E’ una prova in più, quella documentata dagli autori dello studio (danesi, svedesi, finlandesi, inglesi e cinesi di diverse istituzioni e università), a proposito dei danni da mobbing, rispetto a quanto già si sapeva. E cioè che certi disagi lavorativi sono associati a un aumento di rischio di diabete, oltre che di perdita di autostima e di capacità di reagire a situazioni stressanti, di ansia e depressione (che ha un’incidenza tre volte maggiore nelle persone costrette a lavorare in un ambiente ostile).
Aggressione psicologica e depressione
Ma come mai il mobbing aumenta il rischio cardiovascolare? Probabilmente la ragione sta proprio nel fatto che costituisce un fattore di stress, provoca emozioni negative, aumenta i livelli di ansia e favorisce la depressione, induce a mangiare in eccesso e a bere più alcolici, tutte condizioni note per aumentare la probabilità di andare incontro a malattie cardiovascolari. Una domanda a questo punto. Che cosa considerare mobbing e violenza in ambiente di lavoro? Anche se lo studio non lo precisa, è comunque possibile puntualizzare alcuni aspetti. Il mobbing si configura come un’aggressione psicologica che, però, deve durare nel tempo e vuole creare difficoltà a una persona nel suo ambiente lavorativo. Ecco allora quali possono essere le azioni negative tipiche del mobbing: per esempio il demansionamento. E poi l’isolamento sociale e gli attacchi alla vita privata. Ancora: i pettegolezzi e le aggressioni verbali per finire con la violenza fisica. Per non parlare delle molestie sessuali. Lo studio, pubblicato sull’European Heart Journal, ha qualche criticità e merita approfondimenti, anche perché è stato condotto nel contesto culturale del Nord Europa. Ma se dovesse essere confermato il fatto che il mobbing aumenta del 5 per cento il rischio di malattie cardiovascolari, andrebbe da sé che combattendo il bullismo sul posto di lavoro si potrebbe ridurre il rischio di malattie cardiovascolari, appunto del 5 per cento.

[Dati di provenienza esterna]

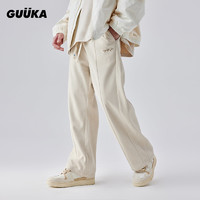 GUUKA 古由卡 米色灯芯绒拼接直筒裤 松紧抽绳运动休闲裤
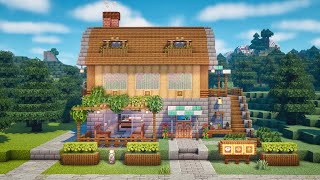 Minecraft  How to Build a Cafe with Sugar Cane Farm  Tutorial [upl. by Yllatan]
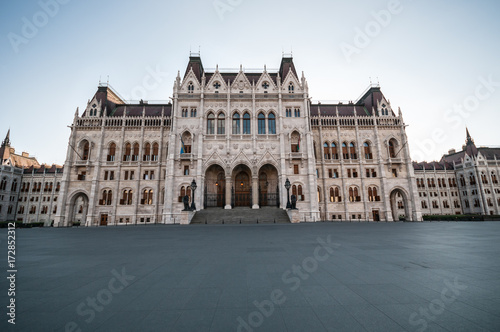 Square in front of the Parliament building in Budapest, Hungary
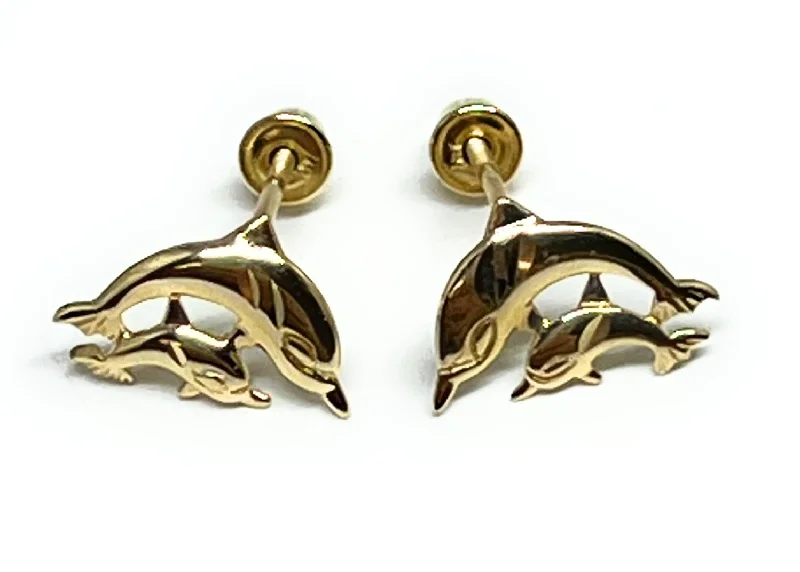 10k Solid Gold Dolphin Mini Dainty Stud Earrings (FCE 09)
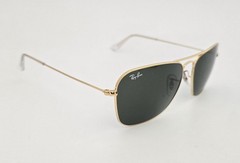 Ray Ban Sunglasses NEW 3136 Caravan Color 001 Gold G-15 Size 58 Large Authentic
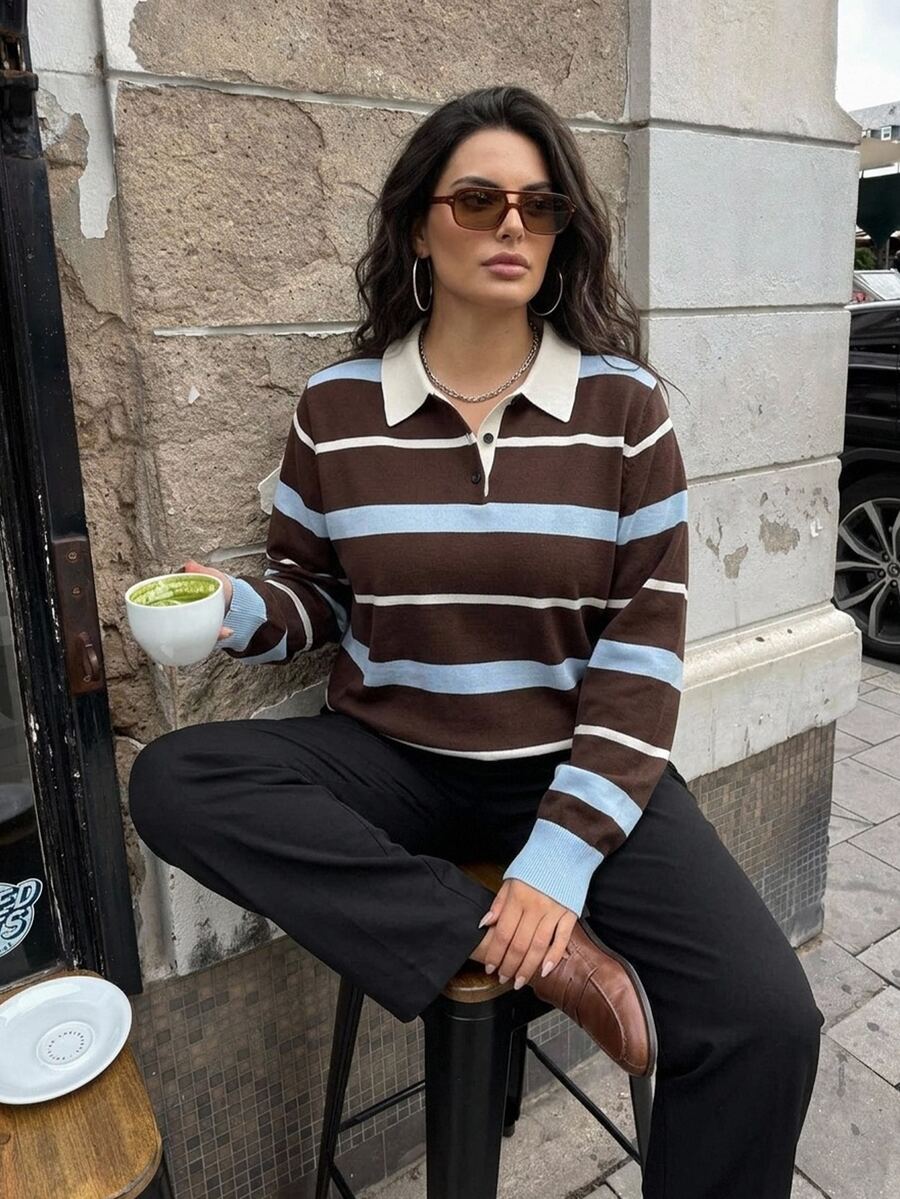 Dazy Plus Autumn/Winter New Loose Business Casual Striped Color Block Patchwork Pullover Knit Sweater - Brown - View 1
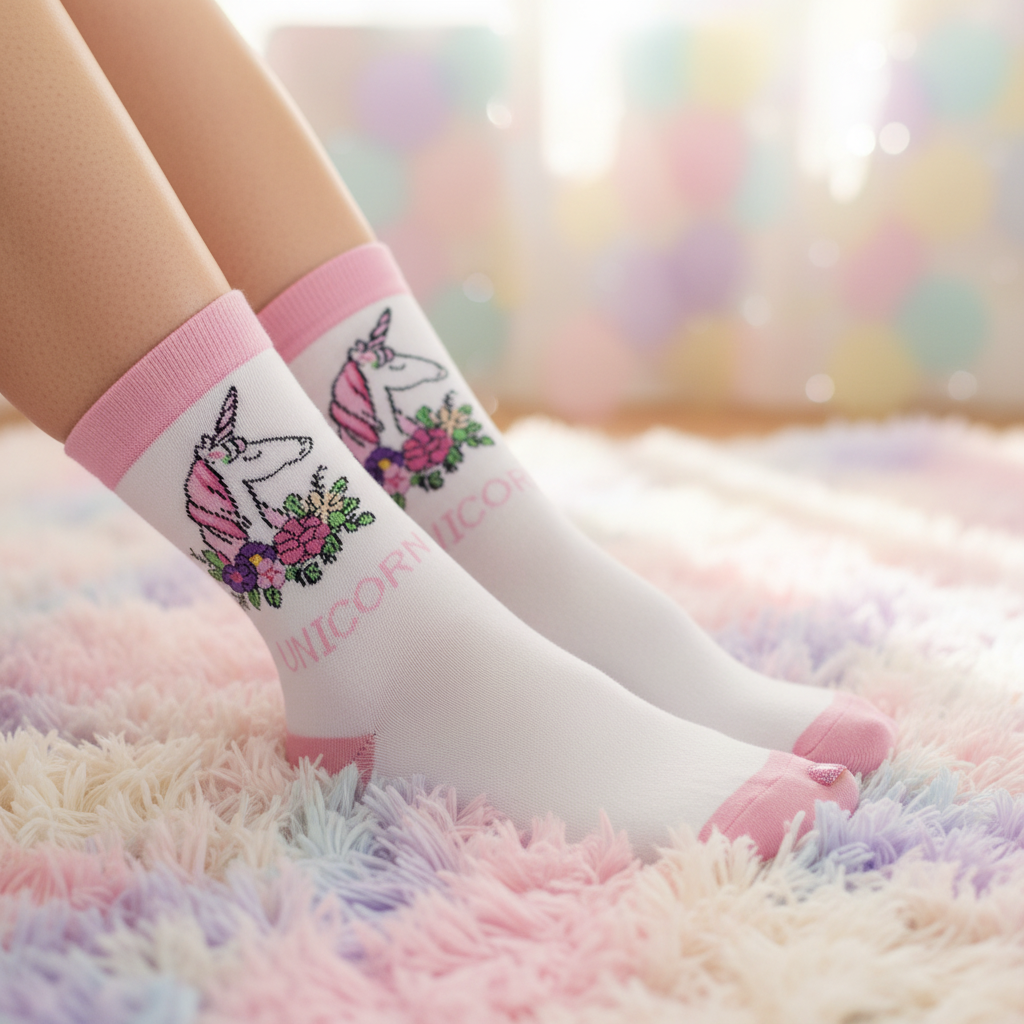 Someone sits on a pastel fluffy rug, wearing unisex Pink Unicorn Socks with pink trim, flowers, a unicorn graphic, and "UNICORN" text.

Gli accordi e gli sconti in Italia
Il problema, in ogni caso, esiste ed è stato recepito anche nel nostro Paese. Un accordo quadro, firmato da Confindustria e da alcune sigle sindacali (Cgl, Cisl e Uil) nel 2016, ne ha preso atto. Condanna ogni atto o comportamento che si configuri come molestie ( che possono essere di natura fisica, psicologica o sessuale) o violenze nei luoghi di lavoro, ne sollecita la denuncia e invita le aziende e i datori di lavoro a mettere in atto tutti quei provvedimenti che garantiscano il rispetto della dignità dei lavoratori, che aumentino la consapevolezza su questo fenomeno e che siano utili a combatterlo. Ma c’è di più, almeno nelle intenzioni.
L’Inail, l’Istituto Nazionale per l’Assistenza Infortuni sul Lavoro, ha preso in considerazione il fatto di ridurre i premi assicurativi alle aziende che promuovono iniziative per arginare il fenomeno del mobbing e delle violenze sul posto di lavoro. La normativa ultima (del 2018) prevede che l’azienda attui progetti formativi o informativi di sensibilizzazione dei lavoratori sulle molestie e le violenze nei luoghi di lavoro, si renda disponibile a gestire eventuali situazioni critiche e assicuri un’assistenza psicologica e legale a chi sia stato vittima di molestie o violenze sui luoghi di lavoro. Come dire che i danni da mobbing sono considerati “infortuni sul lavoro” e vanno prevenuti. Adesso si aspetta di sapere in quanti hanno aderito a questa iniziativa.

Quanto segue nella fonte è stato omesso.